The Carmel River study (removal of 32-m-high San Clemente Dam in late 2015) was unique in being the first large dam removal in a Mediterranean hydroclimatic setting, and the first in which the river experienced large floods so soon post-dam-removal (two 10-year floods and a 30-year flood, about a year after removal). We (Harrison et al., ESPL) documented the importance of high flows in driving erosion of reservoir sediment and moving sediment downstream in a region where transport capacity is elevated only very episodically.

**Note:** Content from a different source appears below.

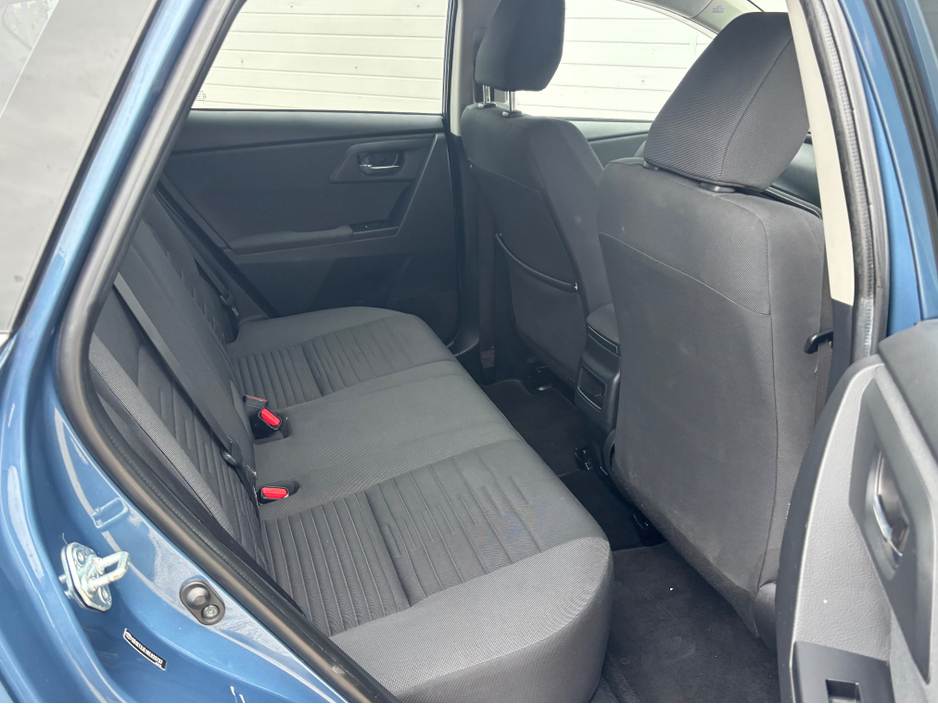 2016 Toyota Auris - image 12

Removal of two large dams (64 m and 32 m high) on the Elwha River during 2011-2014 constitutes the largest dam removal to date in the U.S. In addition to restoring salmonid fish access to the watershed in Olympic National Park, dam removal is an unprecedented opportunity to study fluvial and coastal response to large-scale sediment influx. The Elwha program is a major focus for agencies including the USGS, National Park Service, Bureau of Reclamation, and the Lower Elwha Klallam Tribe, whose lands are part of the restoration area. I lead a USGS study of topography and sediment grain size on the lower Elwha River before, during, and after dam removal; our study here began in 2006, using field data and historical aerial photographs in the first comprehensive evaluation of how an anabranching, gravel-bed river responded to losing its upstream sediment supply through damming.
We found that the Elwha River changed substantially as a result of dam removal, with geomorphic changes that were two- to ten-fold as large as those caused by a 40-year flood four years before dam removal. Over five years, the river moved more than 20 million tons of sediment out of the two former reservoirs, a sediment pulse comparable in scale to that caused by the 1980 Mount St. Helens volcanic eruption. On the Elwha River, 90% of the released sediment reached the river mouth, with only 10% stored in the fluvial system. The major disturbance (bed aggradation and major topographic changes) lasted a brief 5 months; given sufficient stream power, rivers can efficiently export sediment pulses from a dam removal of this size even without flood hydrology. This, and other findings from this project, will be important information for management decisions in future large dam removals. We identified significant differences in responses of this gravel-bed river to flows of various magnitude under high vs. low sediment supply, and use these results to proposed that the concept of a threshold stream power is likely untenable in gravel-bed rivers.
East, A.E., Logan, J.B., Mastin, M.C., Ritchie, A.C., Bountry, J.A., Magirl, C.S., and Sankey, J.B., Geomorphic evolution of a gravel-bed river under sediment-starved vs. sediment-rich conditions: River response to the world's largest dam removal. Journal of Geophysical Research - Earth Surface, in revision.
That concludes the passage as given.